Modeling non-point pollution across multiple scales has become an important environmental issue. As a more representative and practical approach in quantifying and qualifying surface water, a modular neural network (MNN) was implemented in this study. Two different site-scales (1.5 × 105 and 1.62 × 106 m2) with the same plants, soils, and paddy field management practices, were selected. Hydrologic data (rainfall, irrigation and surface discharge) and water quality data (time-series nutrient loadings) were continuously monitored and then used for the verification of MNN performance. Correlation coefficients (R) for the results predicted from the networks versus measured values were within the range of 0.41 to 0.95. The small block could be extrapolated to the large field for the rainfall-surface drainage process. Nutrient prediction produced less favorable results due to the complex phenomena of nutrients in the drainage water. However, the feasibility of using MNN to generate improved prediction accuracy was demonstrated if more hydrologic and environmental data are provided. The study findings confirmed the estimation accuracy of the upscaling from a small-segment block to large-scale paddy field, thereby contributing to the establishment of water quality management for sustainable agriculture.

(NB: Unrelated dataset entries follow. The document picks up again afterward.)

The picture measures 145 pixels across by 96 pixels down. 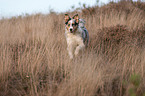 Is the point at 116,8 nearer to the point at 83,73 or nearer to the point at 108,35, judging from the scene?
the point at 108,35

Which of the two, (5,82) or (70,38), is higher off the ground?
(70,38)

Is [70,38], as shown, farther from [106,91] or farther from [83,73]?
[106,91]

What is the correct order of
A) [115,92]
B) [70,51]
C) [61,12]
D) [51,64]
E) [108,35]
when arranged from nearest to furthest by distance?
1. [115,92]
2. [51,64]
3. [70,51]
4. [108,35]
5. [61,12]

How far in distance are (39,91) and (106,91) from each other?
3.78 feet

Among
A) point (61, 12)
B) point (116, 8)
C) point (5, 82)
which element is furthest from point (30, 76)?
point (61, 12)

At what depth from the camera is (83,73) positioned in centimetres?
295

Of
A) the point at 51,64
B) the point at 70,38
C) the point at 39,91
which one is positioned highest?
the point at 70,38

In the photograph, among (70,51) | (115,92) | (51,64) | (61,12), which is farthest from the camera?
(61,12)

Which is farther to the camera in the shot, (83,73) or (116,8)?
(116,8)

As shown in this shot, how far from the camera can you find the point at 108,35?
550 centimetres

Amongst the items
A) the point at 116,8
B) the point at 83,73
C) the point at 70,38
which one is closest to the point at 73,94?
the point at 83,73

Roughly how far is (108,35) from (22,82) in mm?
3286

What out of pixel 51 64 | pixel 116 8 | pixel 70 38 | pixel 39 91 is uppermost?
pixel 116 8

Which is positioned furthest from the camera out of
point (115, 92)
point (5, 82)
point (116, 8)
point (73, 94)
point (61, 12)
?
point (61, 12) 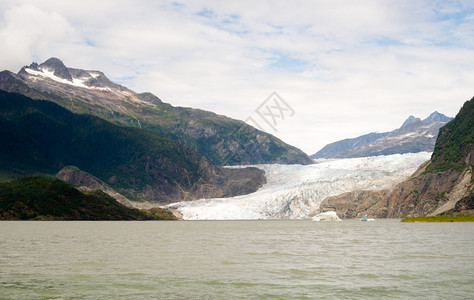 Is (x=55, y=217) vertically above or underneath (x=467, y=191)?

Forecasting the behavior of a complex system in the environment is scale-dependent, which affects the model’s extent, accuracy, and precision. In addition, many researchers have reported that the major source of heterogeneity leading to spatial differences in runoff is topography, soils, and space-time scales of rainfall inputs [1, 2]. Depending upon this knowledge, if the primary cause of the increasing nonlinear response is attributed to significant changes in simulation accuracy, the ability of two catchments with similar topographical and hydrologic phenomena to generate simulating results within a reasonable margin of error using the same simulation model has not been determined [3].
A paddy field is grouped in a number of management blocks of paddies. Each paddy block is connected to each reach and each paddy block drains into a drainage canal. Due to these unique topographic characteristics, rice paddies, drainage and irrigation canals are related surface water bodies, like rivers, and create a unique ecosystem which should be studied as a whole system. This indicates that the spatial upscaling in water quantification and quality would be appropriate [4].
Because upscaling is very data intensive, the scarcity of relevant data at the watershed scale and the heterogeneity and incomplete understanding of the biogeochemical processes operating at this scale make physically based models of limited use [5]. Three approaches, the standard mathematical averaging methods, stochastic methods, and some regularization techniques, have mostly been applied for upscaling [6]. Many researchers have recently tried using the stochastic method, particularly artificial neural networks (ANNs) that are recognized as extremely nonlinearity analysis [7].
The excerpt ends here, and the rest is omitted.